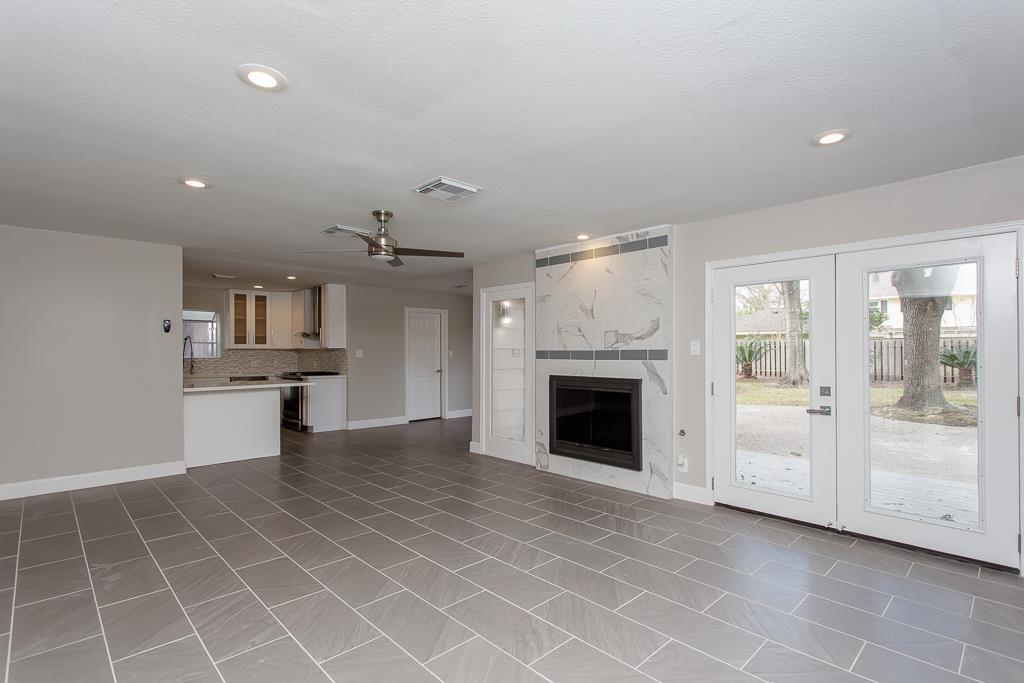 10818 Tupper Lake Drive, Houston, TX 77042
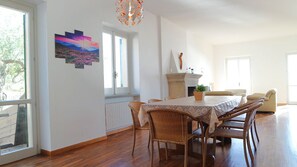 Villa, 5 chambres | Restauration dans la chambre
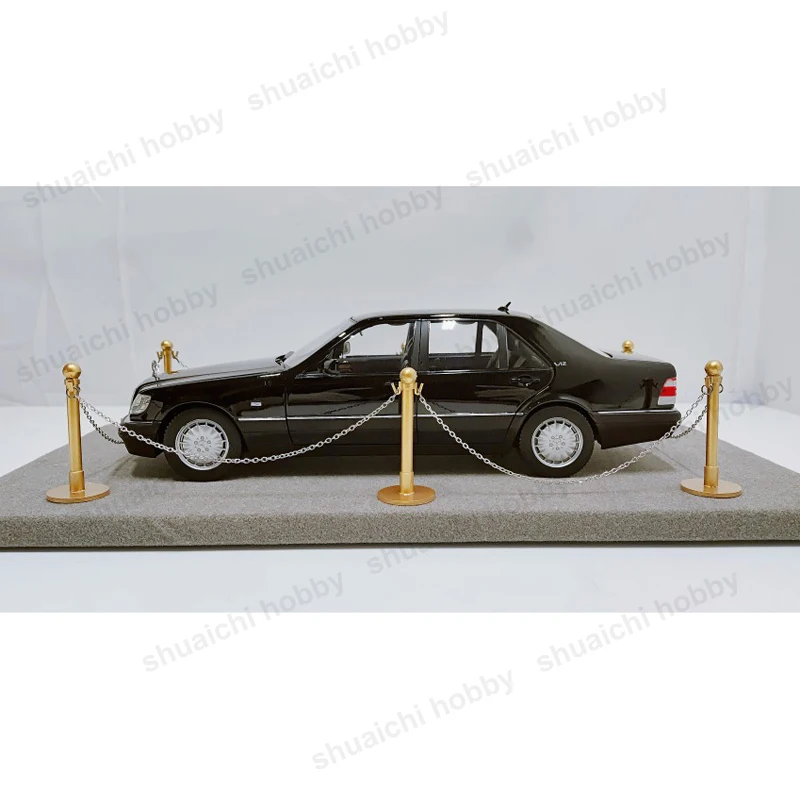 1Set 1/18 Scale Car Model Exhibition Hall Fence Gold/Silver Column Booth Railing with Iron Chain for Diecast vehicles Display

• Task prompt: Reproduce the lines above letter for letter. The pictures stay behind.

• Solution to this exercise:
 10818 Tupper Lake Drive, Houston, TX 77042
 Villa, 5 chambres | Restauration dans la chambre
 1Set 1/18 Scale Car Model Exhibition Hall Fence Gold/Silver Column Booth Railing with Iron Chain for Diecast vehicles Display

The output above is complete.